Venous thromboembolism is a common and fatal disease closely related to cancer. The therapeutic challenge is major due to the high risk of recurrent thromboembolism and bleeding in patients with cancer. Guidelines recommend the use of low molecular-weight heparin for the treatment of Cancer-Associated venous Thromboembolism (CAT) at least for 3 to 6 months of treatment. However, recent advances through the results of several therapeutic trials such as CARAVAGGIO (NCT03045406) open the door to the use of Direct Oral AntiCoagulants (DOACs) as first-line therapy. Nevertheless, extrapolation of its results may be limited owing to a large number of inclusion and exclusion criteria, which may have selected a reduced population. The proportion of patients admitted with acute CAT who may not eligible to a trial as CARAVAGGIO is unknown.

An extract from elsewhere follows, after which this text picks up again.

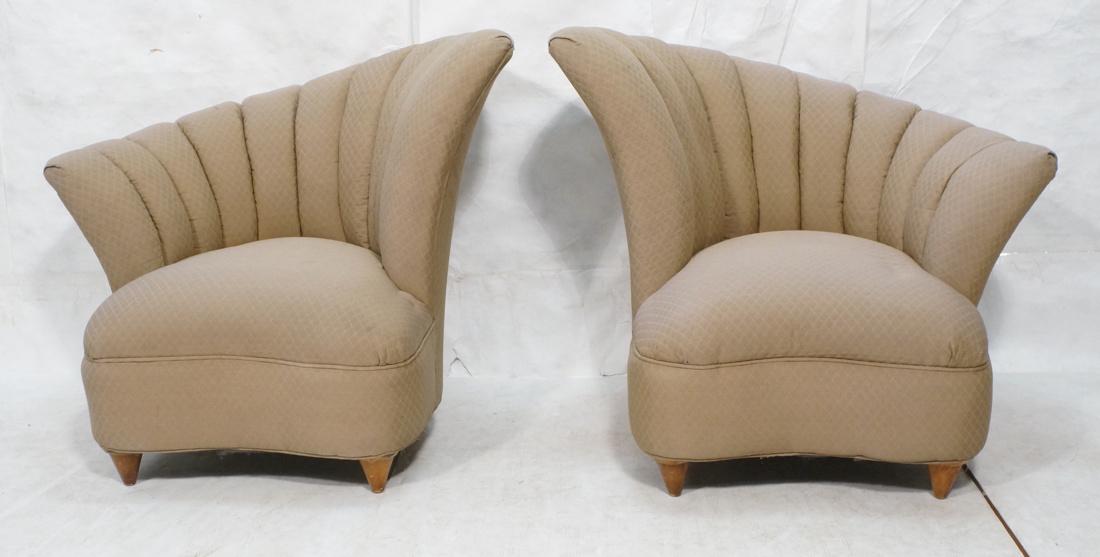 Pr Tufted Angled Fan Form Modern Lounge Chairs. D (1 of 10)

The aim of this study si to assess this proportion in a retrospective multicenter study, of patients admitted for acute Cancer-Associated venous Thromboembolism (CAT).
Study Type
OBSERVATIONAL
Enrollment
300
data collection : gender, weight, biological data (platelets, hemoglobin, creatinine, liver function tests), performance status, type of Venous Thromboembolic Event (VTE) and cancer, anticancer and anticoagulant therapy, adverse events (bleeding, recurrence of Venous Thromboembolic Event (VTE), death) up to 6 months after their Venous Thromboembolic Event (VTE).
CHU d'Amiens
Amiens, France
Hôpital Louis Mourier
Colombes, France
Chu Saint-Etienne
Saint-Etienne, France
Proportion of cancer patients with a venous thromboembolic event (VTE) ineligible for CARAVAGGIO study
Patient having at least one of the following exclusion criteria (from CARAVAGGIO study) : * ECOG (Eastern Cooperative Oncology Group ) Performance Status III or IV; * life expectancy of less than 6 months; * thrombectomy, vena cava filter insertion, or thrombolysis used to manage the index episode; * indication for anticoagulant treatment for a disease other than the index VTE episode; * thienopyridine therapy (clopidogrel, prasugrel, or ticagrelor) or aspirin over 165 mg daily or dual antiplatelet therapy; * recent brain, spinal or ophthalmic surgery * hemoglobin level lower than 8 g/dL or platelet count \<75x10\^9/L or history of heparin induced thrombocytopenia; * creatinine clearance \< 30 ml /min * acute hepatitis, chronic active hepatitis, liver cirrhosis; * uncontrolled hypertension; * concomitant use of strong inhibitors or inducers of cytochrome; * bacterial endocarditis;
Time frame: Up to 6 months after venous thromboembolic event
Drugs used for their VTE
Collected in medical history.
Time frame: Up to 6 months after venous thromboembolic event
Confirmed recurrent Venous Thromboembolic Event (VTE)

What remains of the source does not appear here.